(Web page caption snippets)
▶
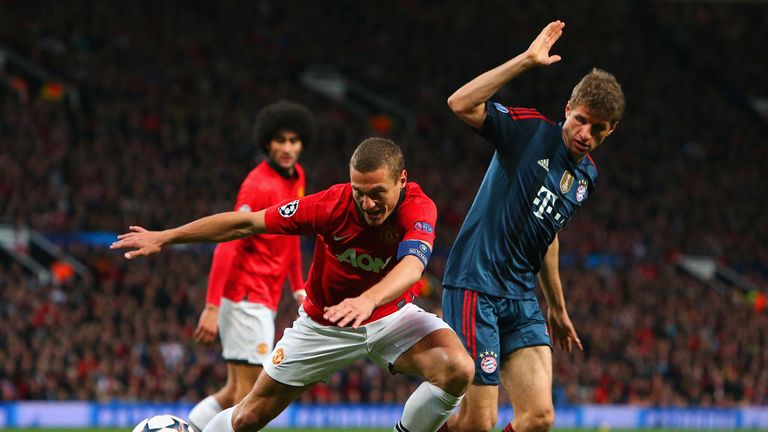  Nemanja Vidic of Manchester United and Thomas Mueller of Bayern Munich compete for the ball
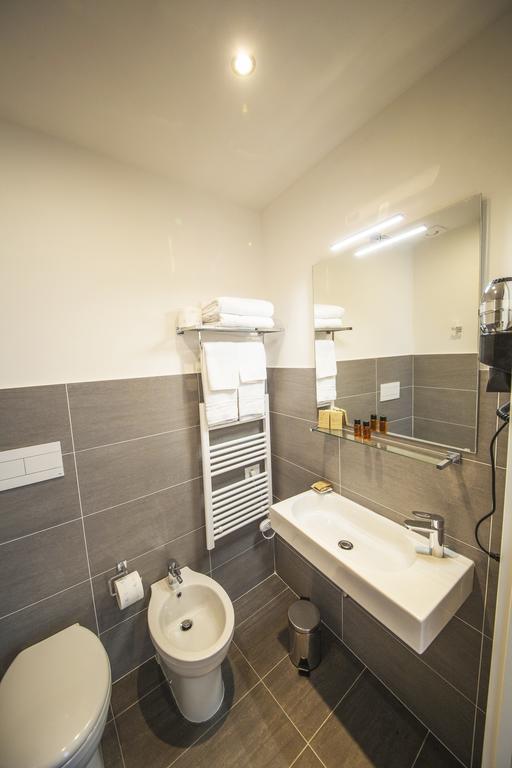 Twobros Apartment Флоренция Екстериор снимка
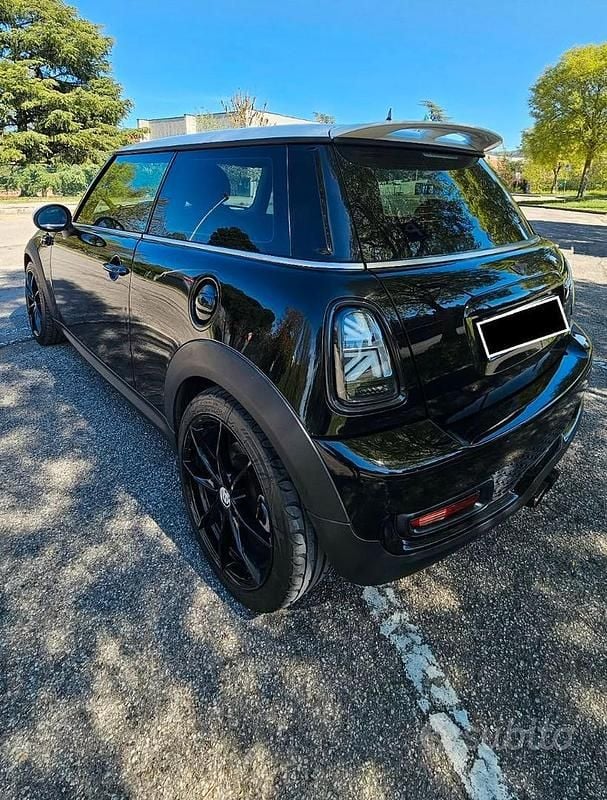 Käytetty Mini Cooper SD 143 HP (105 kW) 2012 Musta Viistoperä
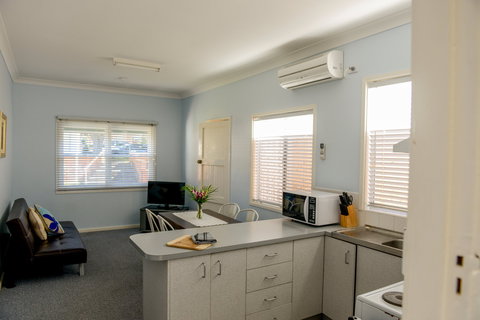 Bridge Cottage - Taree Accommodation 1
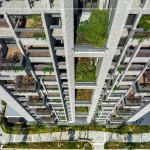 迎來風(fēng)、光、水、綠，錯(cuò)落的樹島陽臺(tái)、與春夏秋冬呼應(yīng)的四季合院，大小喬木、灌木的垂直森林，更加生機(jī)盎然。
◀
Beginning with the line where "Käytetty Mini Cooper" appears, restate word for word every line down to the last one in the data, but keep the pictures out.

 Käytetty Mini Cooper SD 143 HP (105 kW) 2012 Musta Viistoperä
 Bridge Cottage - Taree Accommodation 1
 迎來風(fēng)、光、水、綠，錯(cuò)落的樹島陽臺(tái)、與春夏秋冬呼應(yīng)的四季合院，大小喬木、灌木的垂直森林，更加生機(jī)盎然。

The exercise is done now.